As you can see, the query focus on the bdttoast table. Let’s create this table and put some data in it to see the query in action.

Let’s see the query in action

Let’s create this table:

postgres=# CREATE TABLE bdttoast ( message text );
CREATE TABLE

the message field storage type is “extended”:

postgres=# \d+ bdttoast
                                 Table "public.bdttoast"
 Column  | Type | Collation | Nullable | Default | Storage  | Stats target | Description
---------+------+-----------+----------+---------+----------+--------------+-------------
 message | text |           |          |         | extended |              |

extended allows both compression and out-of-line storage. This is the default for most TOAST-able data types. Compression will be attempted first, then out-of-line storage if the row is still too big.

let’s add one tuple:

postgres=# INSERT INTO bdttoast VALUES ('default');
INSERT 0 1

and check how the message field has been stored thanks to the query:

postgres=# \i toast_info.sql
 t_ctid |  toast_info
--------+---------------
 (0,1)  | short in-line
(1 row)

as you can see it has been stored in-line.

Add another tuple with more data in the message field, and check its storage information:

postgres=# INSERT INTO bdttoast VALUES (repeat('a',10000));
INSERT 0 1
postgres=# \i toast_info.sql
 t_ctid |        toast_info
--------+---------------------------
 (0,1)  | short in-line
 (0,2)  | long in-line (compressed)
(2 rows)

as you can see this field value has been stored as long in-line and is compressed.

Add another tuple with even more data in the message field, and check its storage information:

postgres=# INSERT INTO bdttoast VALUES (repeat('b',1000000));
INSERT 0 1
postgres=# \i toast_info.sql
 t_ctid |        toast_info
--------+---------------------------
 (0,1)  | short in-line
 (0,2)  | long in-line (compressed)
 (0,3)  | toasted (compressed)
(3 rows)

this time it has been stored as TOAST-ed and is compressed.

Let’s change the message column storage to external:

postgres=# ALTER TABLE bdttoast ALTER COLUMN message SET STORAGE EXTERNAL;
ALTER TABLE
postgres=# \d+ bdttoast
                                 Table "public.bdttoast"
 Column  | Type | Collation | Nullable | Default | Storage  | Stats target | Description
---------+------+-----------+----------+---------+----------+--------------+-------------
 message | text |           |          |         | external |              |

external means it allows out-of-line storage but not compression.

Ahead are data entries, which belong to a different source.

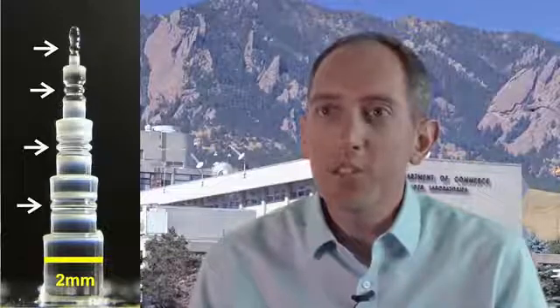We've developed a new technique to create micro resonators — tiny little optical cavities which can confine light into a very small volume. These resonators actually have a pretty wide range of uses.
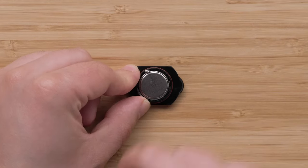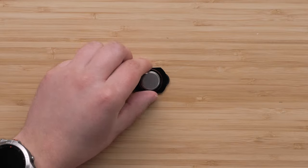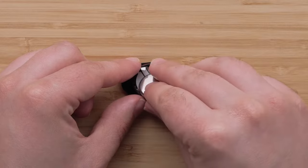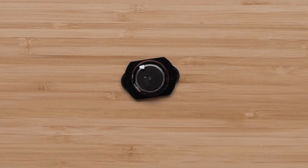Turn the door over and pull the white tab to remove the battery from the door. Wait 30 seconds, then insert the new battery into the door with the negative side facing up. Keep the white tab out from under the battery for ease of future battery changes.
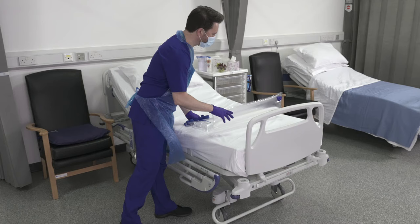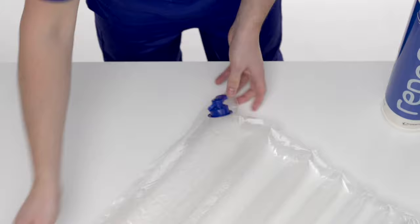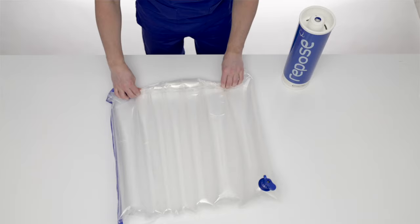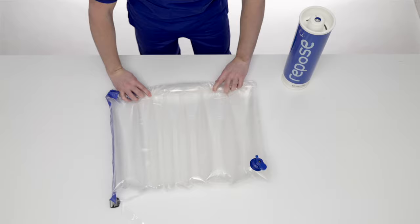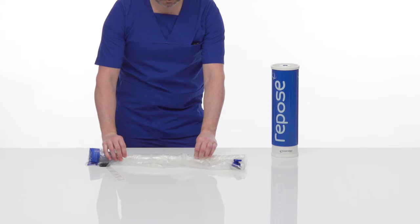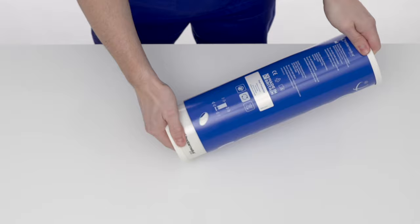With the patient off ReposeFlex, detach from the mattress. Insert the open end of the sealing cap into the Repose valve, allowing air to escape. Once deflated, with the cap still in place, roll up Repose starting at the point furthest away from the valve, expelling any remaining air. Repeat this process as necessary. Fold and roll up and place inside the pump for safe storage, then rotate the outer tube until it clicks closed.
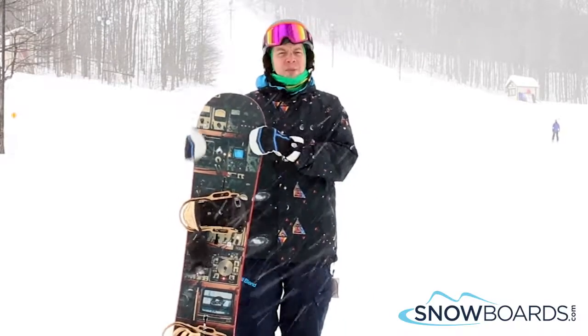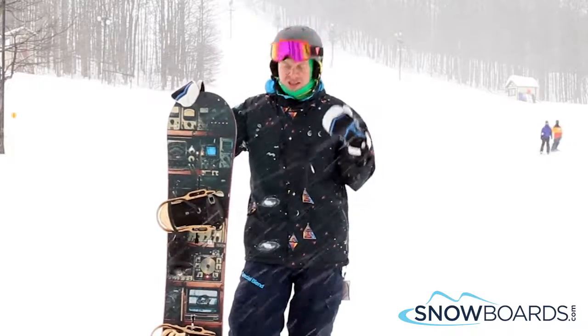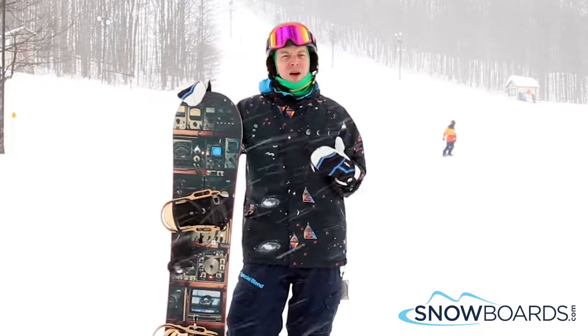Hey, this is Ian. Just got done riding the Burton Blunt in a 157. I give this board 5 out of 5 stars. This is a great all-mountain freestyle board.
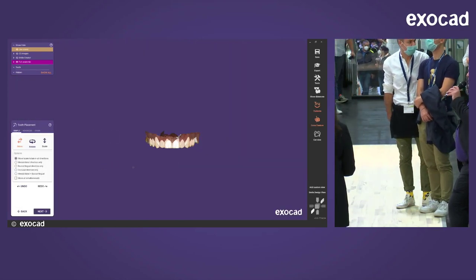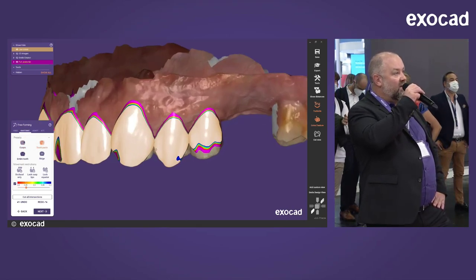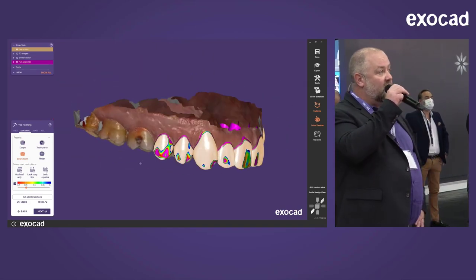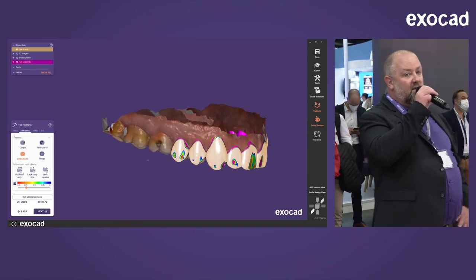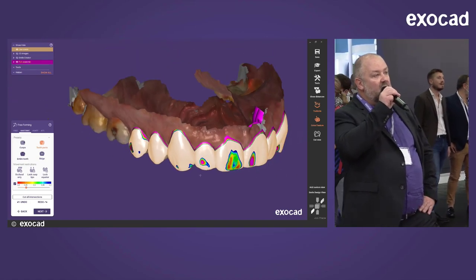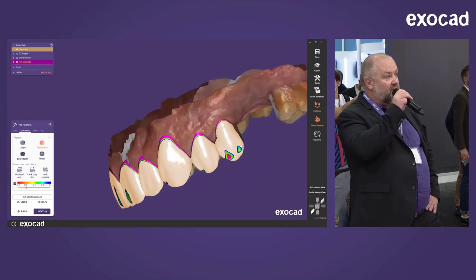Now we're done with the Smile Creator and back in the main wizard in the restoration options. We're in the freeforming step — this is the tool I found my passion for ten years ago. It's very powerful: you have a virtual wax knife, you can grab parts or entire tools and deform them. What you see is a color scaling showing the thickness of the structure, helping you avoid thin areas. Marco is doing some fine-tuning to cover the entire teeth.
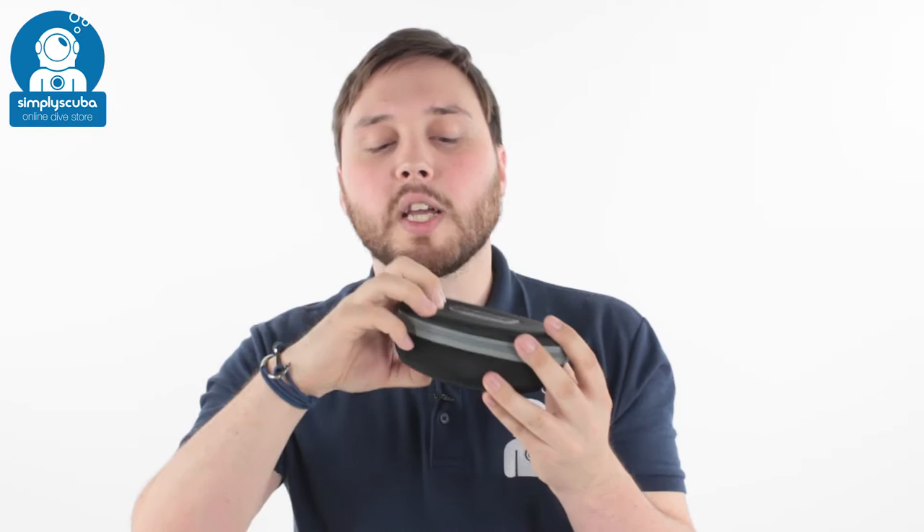They come in a protective case, so when you're traveling and you put them in your bag, they're going to be protected. This is a nice sort of hard case, semi-flexible, but it's going to protect them from the usual sort of bumps and scratches.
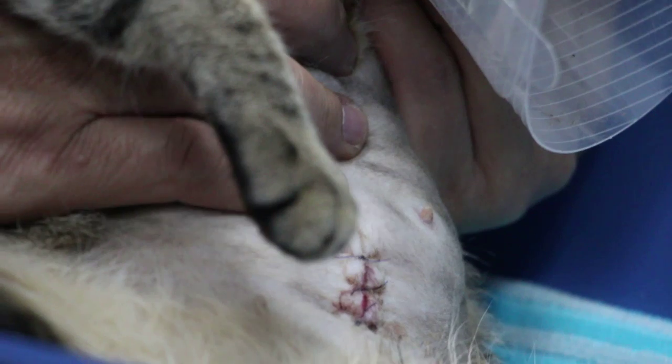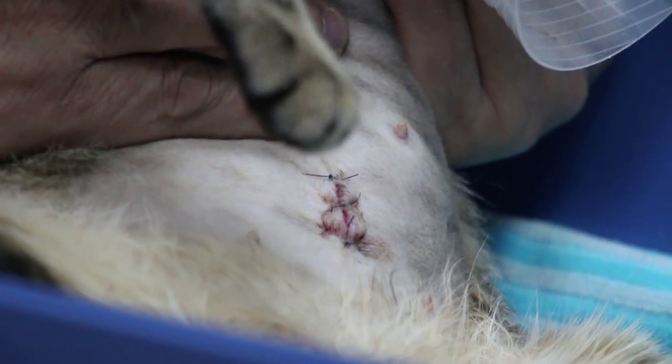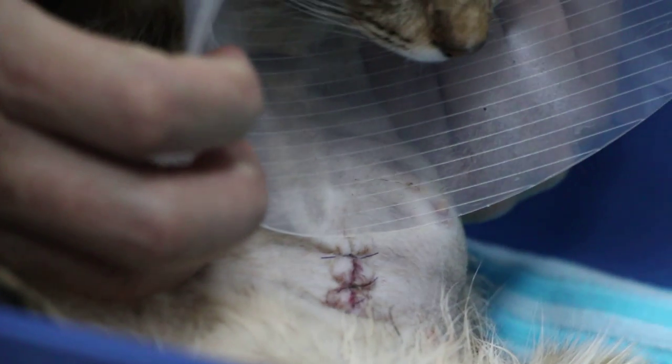And this stitch is only about 14 days to pick up, because sometimes the cat doesn't like it. And this e-collar is to prevent the cat — but will she scratch herself?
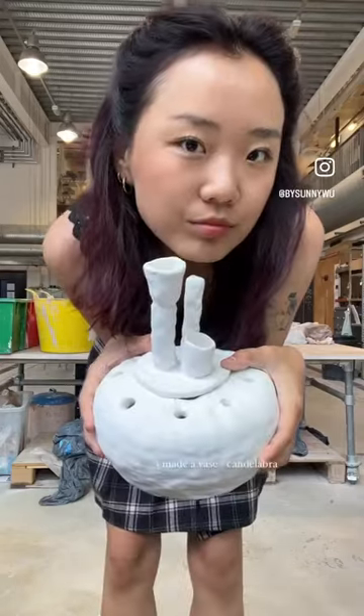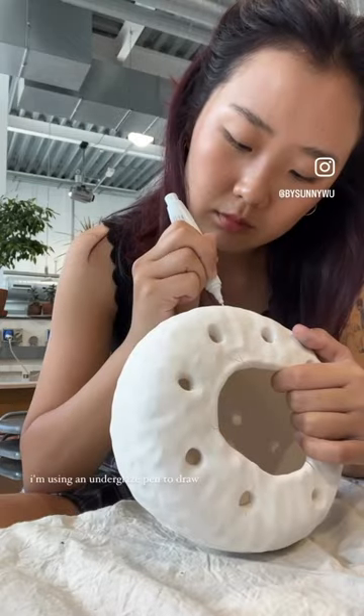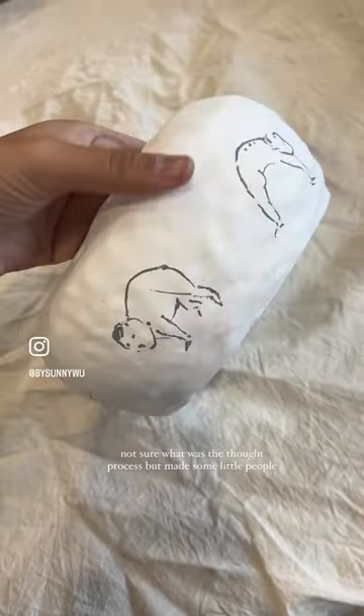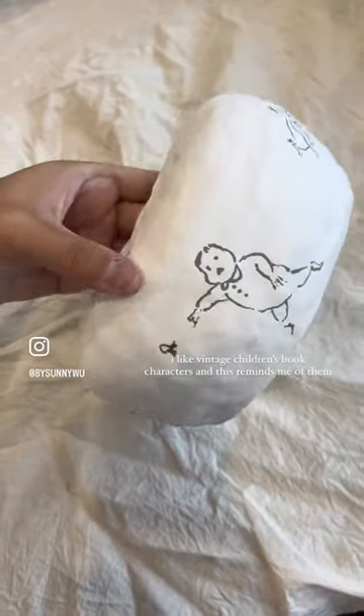It's glazing day again. I made a vase slash candelabra. I'm using an underglaze pen to draw — not sure what the thought process was, but I made some little people. I like vintage children's book characters and this reminds me of them.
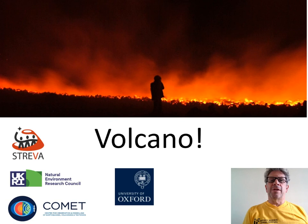Welcome to Volcano. In this short video I'll introduce our displays and show you a couple of experiments you can try at home.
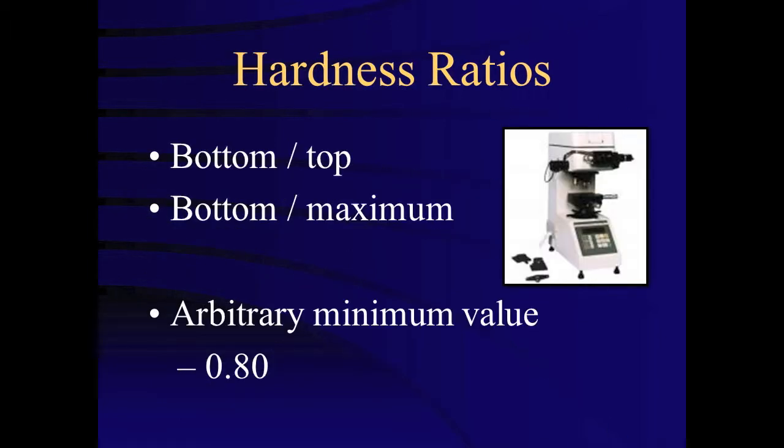Several studies have somewhat arbitrarily defined depth of cure based on hardness ratios of 80%. That is, the bottom surface is at least 80% as hard as the top surface. Others have suggested that the bottom surface should be expressed as a ratio with maximum hardness, because top surface hardness can vary depending on the curing light or protocol.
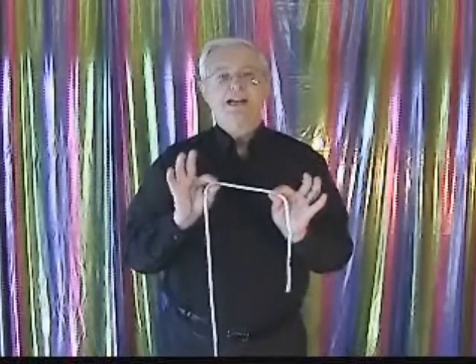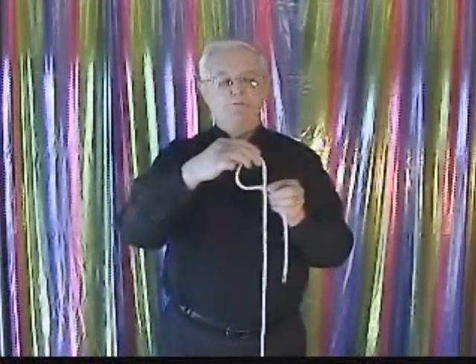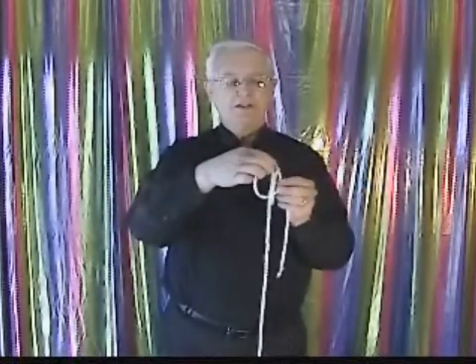I'm going to show you an alternative way of tying those three overhand knots. We're going to take and make three loops. Each time we make the loop, we want to rotate it towards the left.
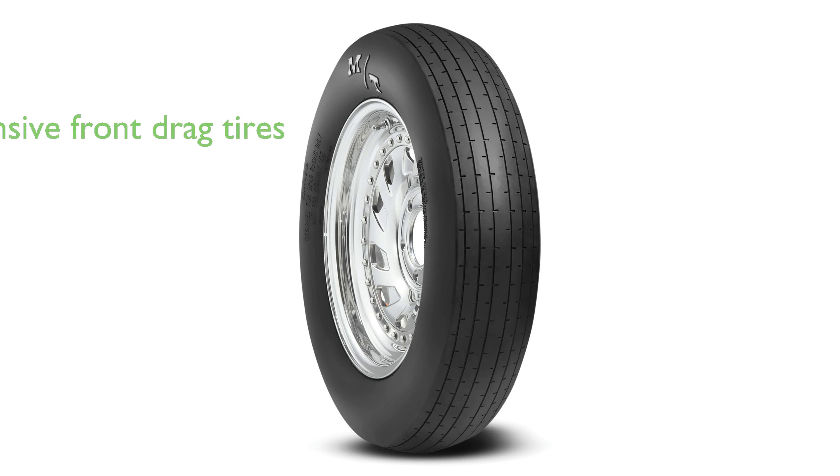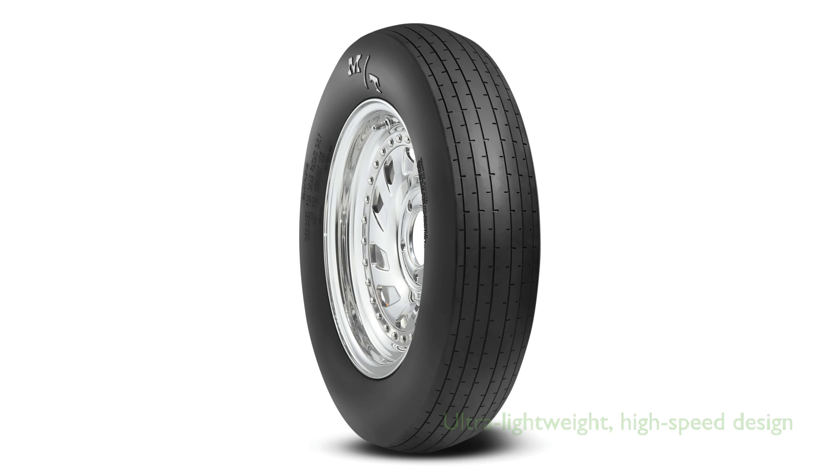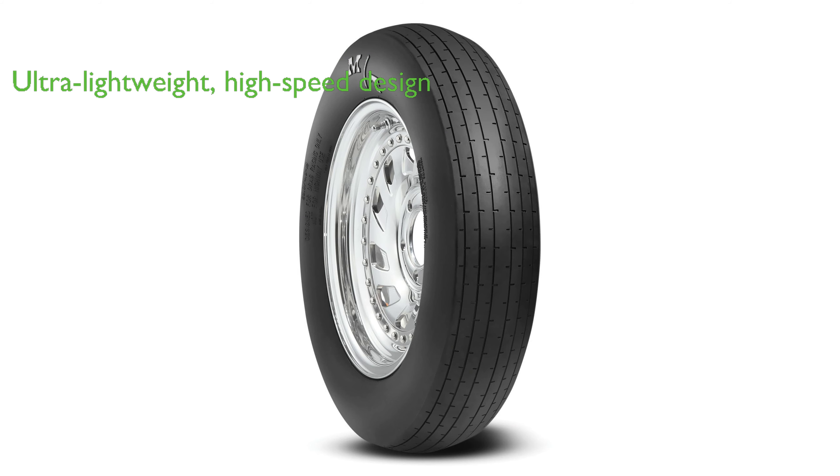The Mickey Thompson ET Front Racing Bias Tire 24.0-4.5-15 is a comprehensive solution for front drag tires, suitable for cars, dragsters, and land speed racers. This tire boasts an ultra-lightweight design that significantly reduces rolling resistance, making it ideal for high-speed use.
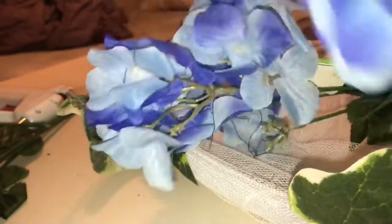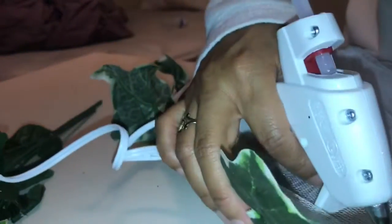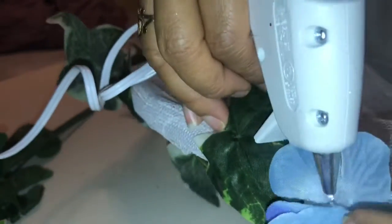You can choose to use a single flower, or you can hot glue a whole patch of flowers. Just be careful not to burn yourself. Here I did do single flowers, and on a few parts I did the bunches, but it all depends on what type of look you're going for or how fast you're trying to finish it.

Now, let’s add 3 tuples with the same field message size as the 3 ones previously added and compare the storage information.

Let’s add one tuple with the same message size as the one previously stored as “short in-line”:

postgres=# INSERT INTO bdttoast VALUES ('externa');
INSERT 0 1
postgres=# \i toast_info.sql
 t_ctid |        toast_info
--------+---------------------------
 (0,1)  | short in-line
 (0,2)  | long in-line (compressed)
 (0,3)  | toasted (compressed)
 (0,4)  | short in-line
(4 rows)

this one is still short in-line (same as t_ctid (0,1)).

Let’s add one tuple with the same message size as the one previously stored as “long in-line (compressed)”:

postgres=# INSERT INTO bdttoast VALUES (repeat('c',10000));
INSERT 0 1
postgres=# \i toast_info.sql
 t_ctid |        toast_info
--------+---------------------------
 (0,1)  | short in-line
 (0,2)  | long in-line (compressed)
 (0,3)  | toasted (compressed)
 (0,4)  | short in-line
 (0,5)  | toasted (uncompressed)
(5 rows)

this one is TOAST-ed and uncompressed with storage external (as compare with t_ctid (0,2) with storage extended).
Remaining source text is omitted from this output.